岐阜市は2021年5月に窓口を開設した。ウェブと電話で予約を受け付け、23年度の利用は2157件。役所に死亡届を提出した遺族に、「ハンドブック」を配って窓口を案内している。利用率は年々上昇し、最近は一日10件前後の予約が埋まる。大野さんら職員は手続き対応だけでなく、悲しみに沈む遺族に寄り添い、思い出話などに耳を傾ける場面も多い。
おくやみ窓口は16年に大分県別府市で初めて設置されたとされ、翌17年に三重県松阪市が続いた。同市戸籍住民課によると、23年度に市内で亡くなった人の69%が利用し、利用者の95%が利用して満足だったと答えたという。こうした先駆的な取り組みを受け、全国の自治体に設置の動きが広がった。20年度時点で全国の市町村の約1割に当たる169自治体が開設済みとの調査もあり、その後も設置が相次いでいる。
このうち岐阜県内では岐阜市のほか羽島市や関市、各務原市などで設置されている。全国の市町村で最も面積が広い高山市では6月3日から、従来の本庁舎に加え、新たに九つの支所にも窓口を設けた。行政経営課の中村正樹係長は「わざわざ本庁舎に出向かなくても、近くの庁舎でのワンストップ化が可能になり、市民の負担軽減と手続き時間の短縮がさらに進む」とメリットを挙げる。
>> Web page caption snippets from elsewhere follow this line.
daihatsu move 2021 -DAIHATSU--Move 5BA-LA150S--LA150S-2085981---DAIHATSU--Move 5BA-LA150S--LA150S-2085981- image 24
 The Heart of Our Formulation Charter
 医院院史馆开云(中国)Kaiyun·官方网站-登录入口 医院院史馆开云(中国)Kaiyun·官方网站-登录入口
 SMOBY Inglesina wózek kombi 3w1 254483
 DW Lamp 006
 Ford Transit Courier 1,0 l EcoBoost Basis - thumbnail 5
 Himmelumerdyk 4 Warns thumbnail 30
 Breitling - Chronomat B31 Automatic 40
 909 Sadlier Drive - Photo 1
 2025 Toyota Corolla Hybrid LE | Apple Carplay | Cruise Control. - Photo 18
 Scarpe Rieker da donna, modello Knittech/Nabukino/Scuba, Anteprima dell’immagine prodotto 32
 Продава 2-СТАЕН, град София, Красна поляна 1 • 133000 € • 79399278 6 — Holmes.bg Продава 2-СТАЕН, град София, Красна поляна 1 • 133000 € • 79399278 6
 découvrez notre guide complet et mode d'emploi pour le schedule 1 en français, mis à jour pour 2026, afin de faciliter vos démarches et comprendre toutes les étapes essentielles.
導入自治体の担当者からは、ワンストップ化は各地でさらに広がると予想する声がある。一方で職員の人手不足、縦割りで課をまたいだ調整が難しい、などの理由で導入に踏み切れない自治体もあるという。おくやみ窓口は戸籍を扱う部署に設置されることが多く、未導入の自治体の関係者からは「マイナンバーや転入転出の手続きなどで手いっぱい」「他部署の手続きに精通しない職員が間違った対応をしてしまう心配がある」といった声も聞かれた。